Losing someone close to us is never easy. In her 1969 book titled, "On Death and Dying", Elisabeth Kubler-Ross lists the five stages of grief that most of us experience when we go through this situation. By learning about these stages, we can begin coping with death more effectively, knowing that each stage will bring us closer to the end of the healing process. Some people can get stuck in one of the first four stages, and need a bit of help to continue on with the process. When you understand how the process is supposed to go, you will be better equipped to recognize if you need to seek help or if you are making your way through the steps sufficiently on your own.

1. Denial and Isolation

When we first receive devastating news like the death of a loved one, our first reaction may be to deny the truth of the matter and withdraw from our friends and family. Denial and isolation can take place over a matter of months in some cases.

2. Anger

Anger is a perfectly normal method for coping with death, and is the second stage of the grieving process, according to Kubler-Ross.
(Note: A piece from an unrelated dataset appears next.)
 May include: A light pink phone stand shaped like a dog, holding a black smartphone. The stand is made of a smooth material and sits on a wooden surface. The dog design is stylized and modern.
You may be angry with yourself for being unable to prevent the loss, angry with doctors who could not save your family member, or angry with the person who died for abandoning you and creating so much pain. Some people get angry with God because they believe He should have done something to prevent the death from occurring.

3. Bargaining

Sometimes people's anger with God will turn into a bargaining chip. You may try to negotiate with God, promising to help others or live a better life if He will take your pain away and reverse the loss that you are experiencing.

4. Depression

The anger has faded away by now, leaving numbness and despondency in its wake. That doesn't mean that the anger is gone for good; it may be simmering still just under the surface, where it can explode at the slightest provocation. This may be a time where you feel hopeless and unable to make plans or dream about the future. You may find yourself wallowing in feeling of self pity and an inability to enjoy the things in life that you once loved. Some people have trouble breaking out of this stage, leading them to seek professional help in coping with death.

5. Acceptance

The pain is still there, but it is easier to deal with. The sadness still exists, but you now feel somewhat optimistic that you can turn the experience into something positive. Acceptance doesn't mean to simply grin and bear it, but to accept the loss and prepare to move forward with your life. This is the stage where true personal growth can occur.

Coping with death is one of the most challenging experiences anyone will ever have to face. These five stages are typically the process that most people will go through to deal with the loss, heal and move on with their lives.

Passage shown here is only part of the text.